I tried it using oobabooga's webui side by side with Alpaca 65B loaded in 4 bit on the same AWS instance with 64GB of VRAM.

While Alpaca produced 3 tokens/sec, Falcon produced 0.17 tokens/sec.

So it is very slow with the current tooling still.

brianjking · on June 19, 2023

How can you deploy Oogabooga to AWS/Huggingface/etc?

Any tips?

Cheers!

logicchains · on June 18, 2023

llama.cpp just got Falcon support (not yet merged), so you could run it on just RAM. Not too fast though.

gardnr · on June 18, 2023

In case anyone wants to follow along: https://github.com/ggerganov/llama.cpp/issues/1602

ilaksh · on June 18, 2023

Anyone tried doing LoRA-style training to focus this on better code generation?

SparkyMcUnicorn · on June 18, 2023

It's WizardLM, not WizardCoder, but I'd bet it improves it in some degree.

https://huggingface.co/ehartford/WizardLM-Uncensored-Falcon-...

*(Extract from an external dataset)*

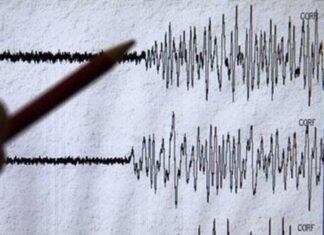 Nhật Bản: Liên tiếp 2 trận động đất làm rung chuyển quần đảo Izu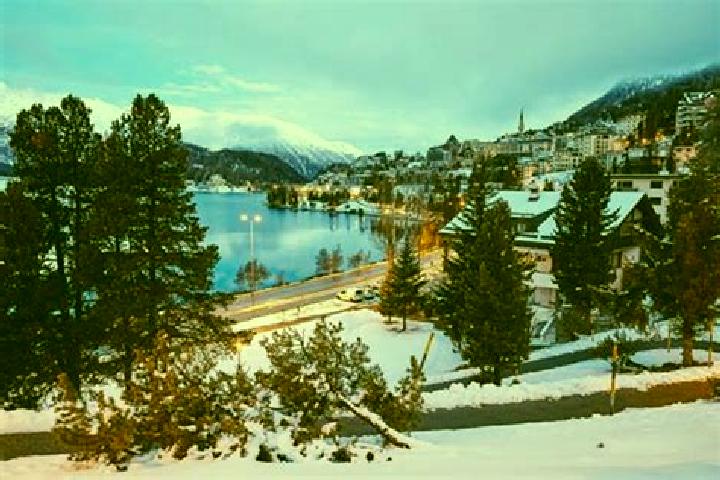 escort St. Moritz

antonmks · on June 18, 2023

When it comes to writing stories, this model is way behind ChatGpt 3.5

SparkyMcUnicorn · on June 18, 2023

I don't have first hand experience, but I've heard that it performs really well at story writing with some fine tuning.

interlinked · on June 18, 2023

> You will need at least 85-100GB of memory

RAM or VRAM?

kiraaa · on June 18, 2023

you need 94gb, does not matter which RAM.